Great question! Again, bringing back this aspect of mindfulness and growing that skill (it is a skill that we can learn + enhance) can help us to sit with all of the stuff less joyful in life. Daily stressors, hardships, serious issues in our local communities and on the other side of the globe.

Becoming more mindful teaches us to be with what is without trying to change it. We can acknowledge any less than ideal reality that might be swirling about in our face at the moment and still ground ourselves in joy.

It’s tricky and seems counterintuitive, right?

I’m no expert, but as I develop my own daily meditation practice and share insights with others doing the same, incorporating this idea of cultivating JOY as a way of being seems really cool. It must since I created this little graphic below a few months ago using a photo from my very first photoshoot!

stuffed animals from the kiddios galore! AKA “the guys”

So as I’m moving forward in my own journey of mindfulness and encouraging others to do the same (#mindfulscholar #356mindfuldays), I’m going to be further experimenting with cultivating JOY as my backdrop, my foundation, my inner compass pointing me toward all that is good, and not so good, in life.

Daily writing

I haven’t been doing my daily writing, so I’m going to write about it here. I’m not sure what the hang up is because I know that continuing to write and express my ideas will only bring more clarity. And I want that. Clarity of thought, of how I can serve, of what I have to offer.

I’m working on several presentations that I’m going to share with our McNair community in a few weeks and I’ve also been feeling blocked. It’s that autopilot in my head always second guessing my worth, what I have to say. So my intention is to simply keep writing through it.

It’s that shitty first draft that people talk about. Keep on writing those shitty first drafts because they can eventually shift into gold. Well, maybe not actual gold. But gold in the sense that words on the page will serve some greater purpose, if only to self-express and perhaps tickle another’s fancy, encourage a new perspective a new thought?

You never know when something you write will resonate with another person. I’m putting a bit more pressure on myself because I’m writing on my blog and simply posting. Not a ton of people actually read my blog (yet!) and so I feel okay about doing that. Something about having that reality of sharing makes it easier for me to put words on the page.

I do draft in Evernote sometimes, but I don’t like that as much because those drafts tend to sit and eventually mold over. I don’t like coming back to them for some reason. All kinds of resistance I know.

Besides the presentations, I want to redesign my website and so I need fresh copy for that. For both, I try not to attach great meaning so as to trick my brain into thinking that it’s no big deal, just write something.

Perhaps I’m thinking too much.

Perhaps what I need to do is shift more toward being mode. Allowing my intuition to guide me more. That is what we’re trying to do in meditation. Softening our thoughts to get to the root of what we have to say. Becoming less judgmental toward ourselves also serves us in the writing process.

I have been rather enjoying creating posts on Instagram, especially guest posting on Ph_Depression which focuses on mental health in graduate education. That’s one of the things I’m presenting on actually.
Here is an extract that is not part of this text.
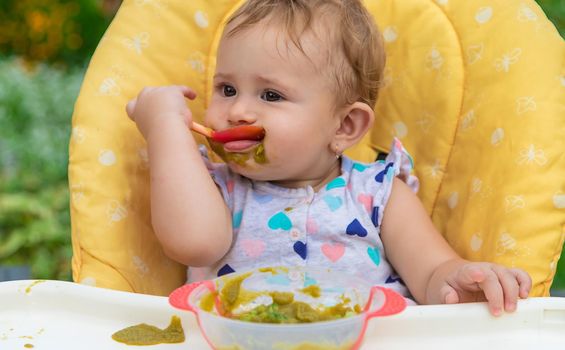 Baby is eating vegetable puree. Selective focus. Child.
It’s such an important topic and one that deserves more attention, especially within individual graduate programs and graduate schools as a whole on a national level.

So many students are struggling. Which makes it hard running a program that strives to encourage more students to pursue this life. Life of the mind. Life as an academic. A scholar. The resiliency factor for each student entering a Ph.D. program really needs to be up there that’s for sure. I hope our students can find their way to good people who will support them and help them flourish. But that’s not always the case. This is where pressure on graduate student mental health builds and spills over into some really serious realities students much face in order to achieve their degree. It feels good more open discussion is happening on this important topic.

But I digress. Four minutes remaining of my 25 minute writing period and I admit I’m watching the clock. Since I’ve been avoiding writing, this is really my first day at it, so I’m going easy on myself. I’m allowing myself to dribble on here (judging myself, I know, noted) so that I can move forward and ultimately create a consistent habit that will lead to greater productivity and satisfaction. Won’t you join me?

Posted in Me

365 Days

A friend of mine recently posed this question on Instagram: what can you do for 365 days? We talk a lot about habit formation at the gym and with our scholars. Rituals. Routines. Our daily flow.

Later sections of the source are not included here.